行為能力
行為能力とは、単独で有効に法律行為をなし得る地位または資格のことをいう。行為能力が制限される者のことを制限行為能力者という。かつては行為無能力者あるいは制限能力者と言った。制限行為能力者は具体的には未成年者、成年被後見人、被保佐人、同意権付与の審判(民法17条第1項の審判)を受けた被補助人を指す(民法20条第1項)。なお、同意権付与の審判を受けず代理権付与の審判(民法876条の9)のみを受けている被補助人は制限行為能力者ではない。
行為能力の制度は、意思能力の有無が個別に判断されることから生じる不都合を回避し、意思能力を欠くことが多い人を保護するために設けられた。意思能力の有無は事前に判断できず、後に意思能力がなかったとして行為が無効とされると、その当事者にとっても相手方にとっても不利益が大きい。
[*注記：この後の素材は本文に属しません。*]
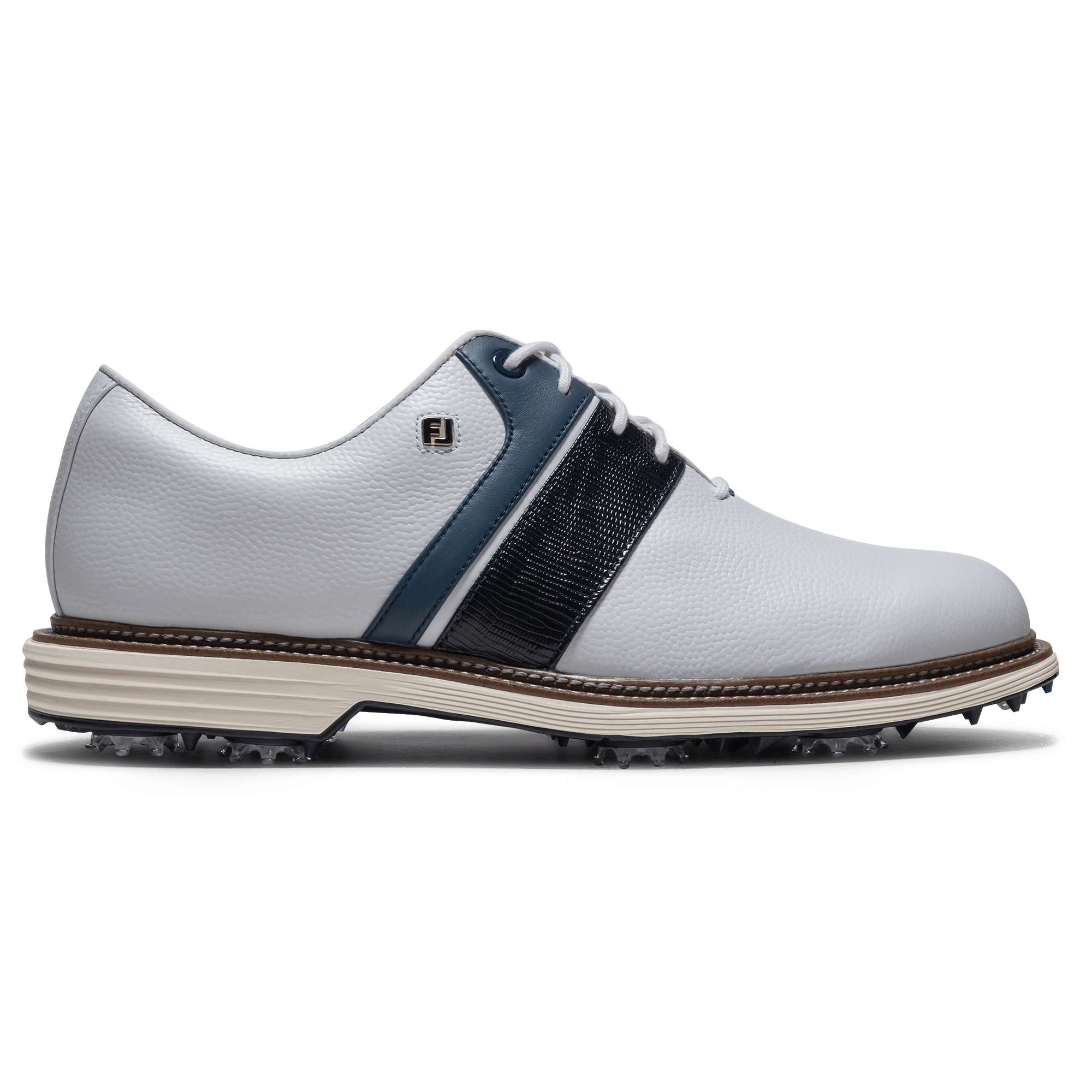 Footjoy Mens Packard Premiere Golf Shoes Wide in White Navy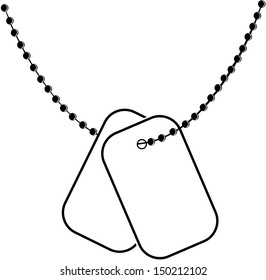 Vector illustration of contour dog tags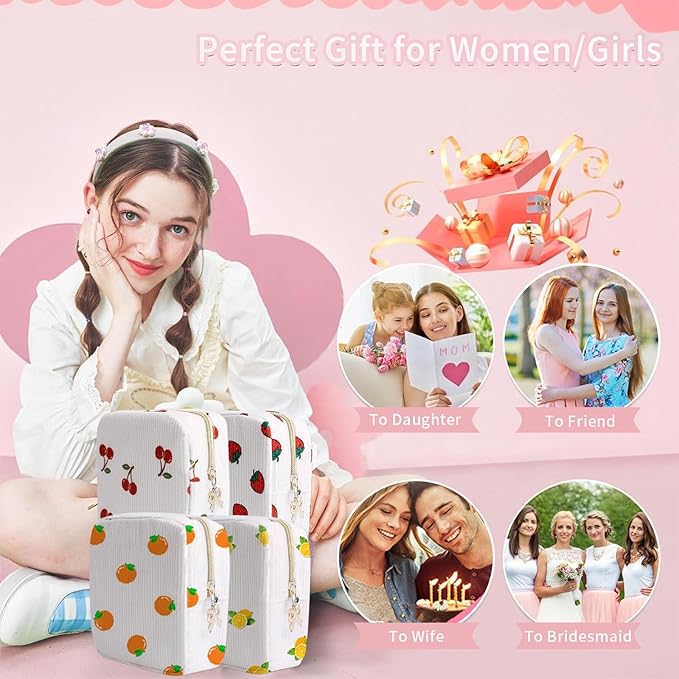 Period Bag for Women, Portable Corduroy Sanitary Napkin Storage Bag Strawberry Period Pouch with Zipper, Sanitary Pads Bag Tampons Holder for Purse, First Period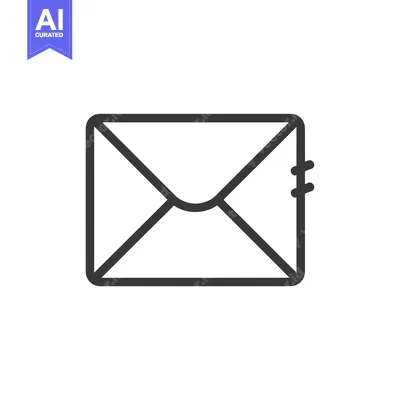 Aset premium populer: A Simple Black Line Drawing of an Envelope with a Flap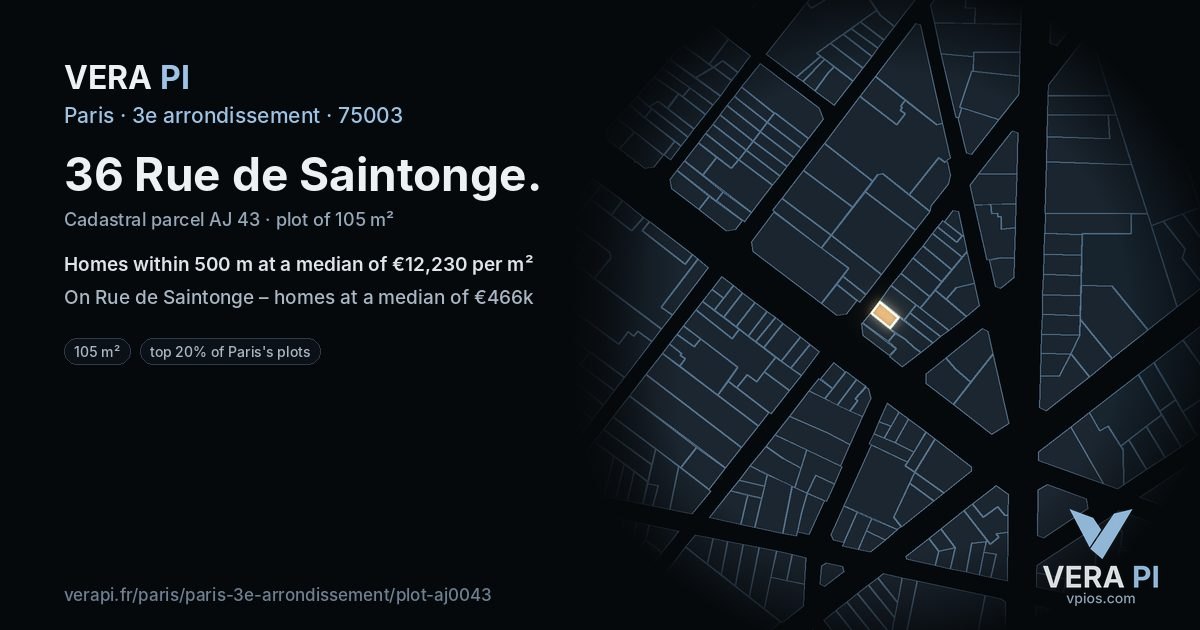 36 Rue de Saintonge, 3e arrondissement at night – the plot lit, the parcels around coloured by the prices near them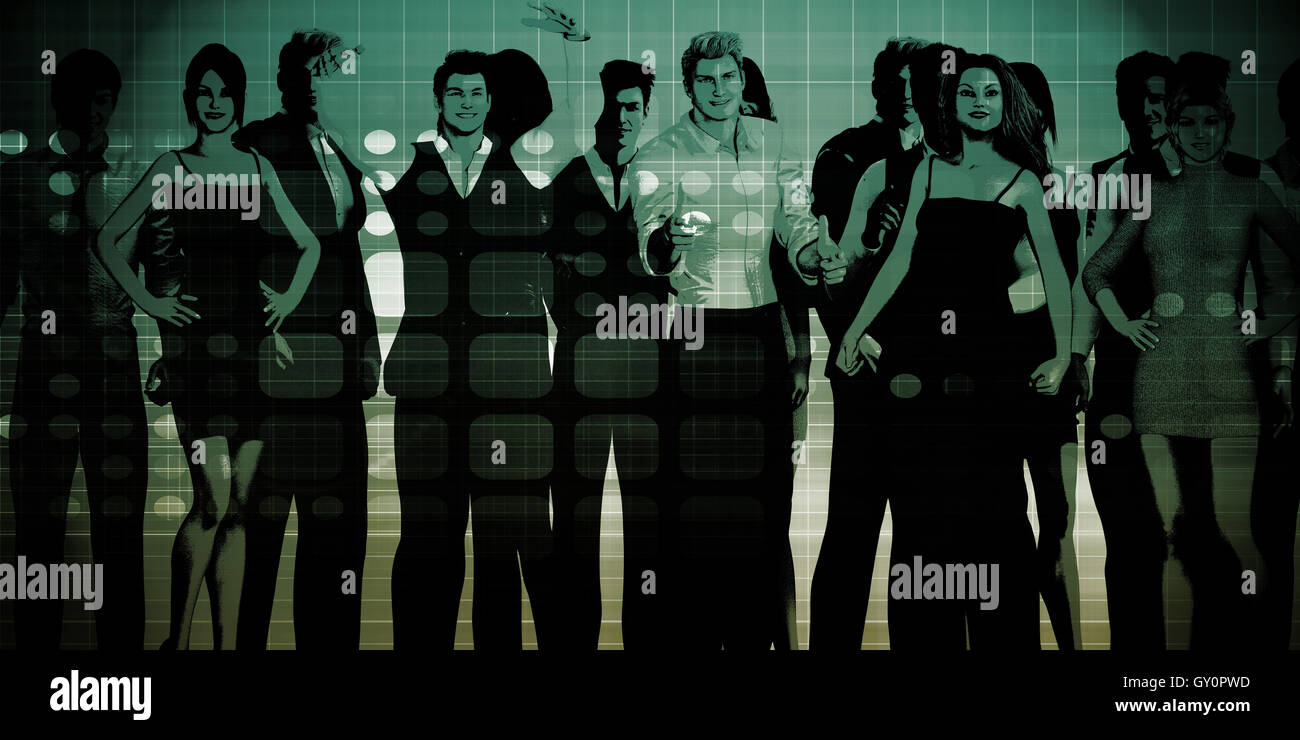 Teamwork on Digital Background as Concept Art Stock Photo - Alamy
そこで、意思能力を欠くことが多い人を、その原因や程度により、未成年者、成年被後見人、被保佐人、被補助人と類型化し、各々の行為の効果を画一的に判断する。また、これらの者にそれぞれ保護者を付し、この保護者が制限行為能力者の利益となるよう適切に判断することが期待される。保護者は具体的には、未成年者の場合には親権者・未成年後見人、成年被後見人の場合は成年後見人、被保佐人の場合は保佐人、被補助人の場合は補助人である。